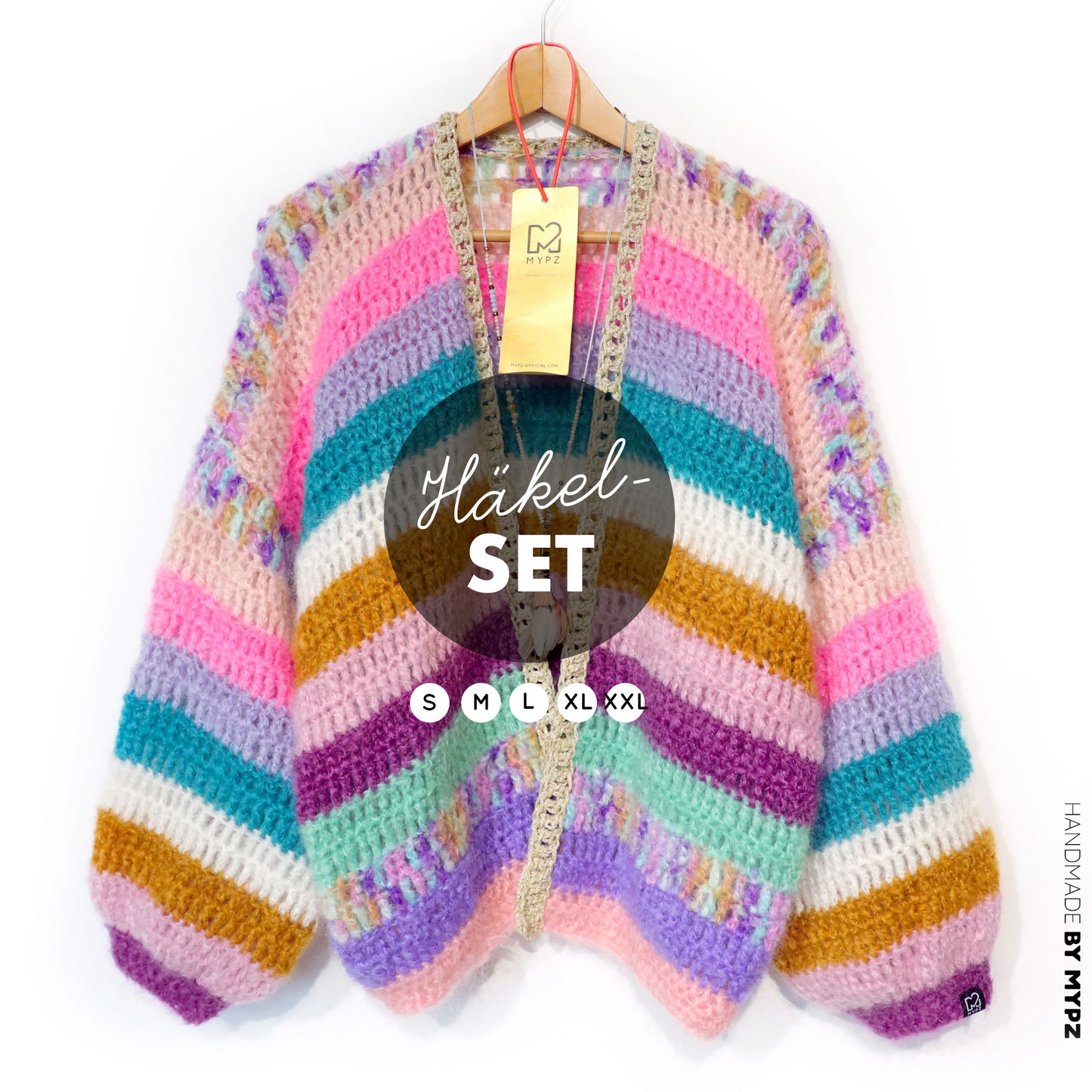 Häkelset - Chunky Mohair cardigan Sunset Glow (ENG-NL-DE)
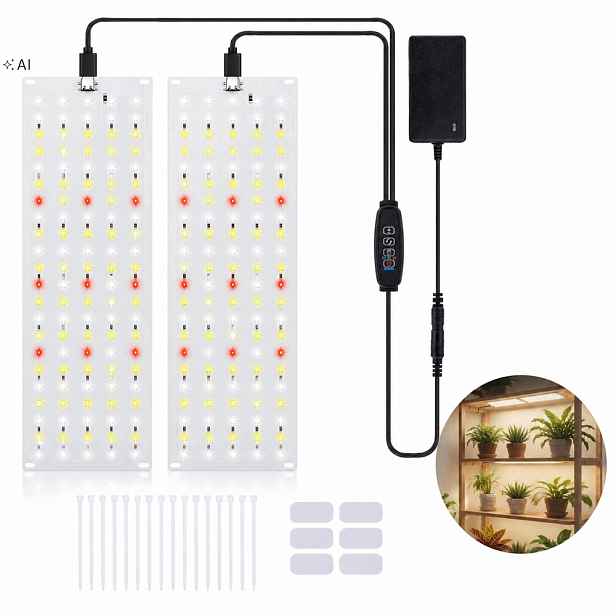 Led Lampa Pro Pěstování Rostlin S Plným Spektrem, Časovač 135 Diod, 4 Panely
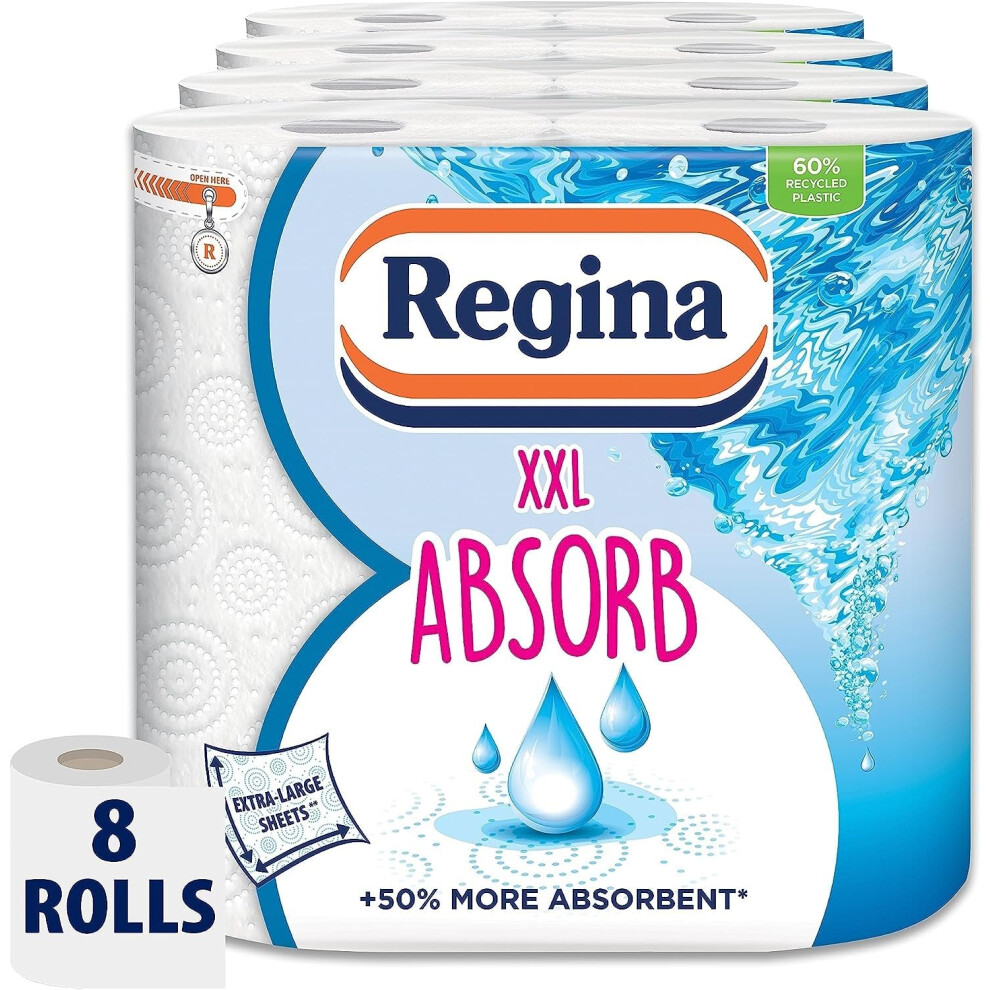 Regina Xxl Absorb Kitchen Towels – 8 Rolls Per Pack, Super Absorbent 2-Ply Kitchen Towels, 75 Sheets Per Roll, Extra-Large Sheets, 50 Percent More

==*==

Print the material precisely as given, dropping any images it holds.

 Häkelset - Chunky Mohair cardigan Sunset Glow (ENG-NL-DE)
 Led Lampa Pro Pěstování Rostlin S Plným Spektrem, Časovač 135 Diod, 4 Panely
 Regina Xxl Absorb Kitchen Towels – 8 Rolls Per Pack, Super Absorbent 2-Ply Kitchen Towels, 75 Sheets Per Roll, Extra-Large Sheets, 50 Percent More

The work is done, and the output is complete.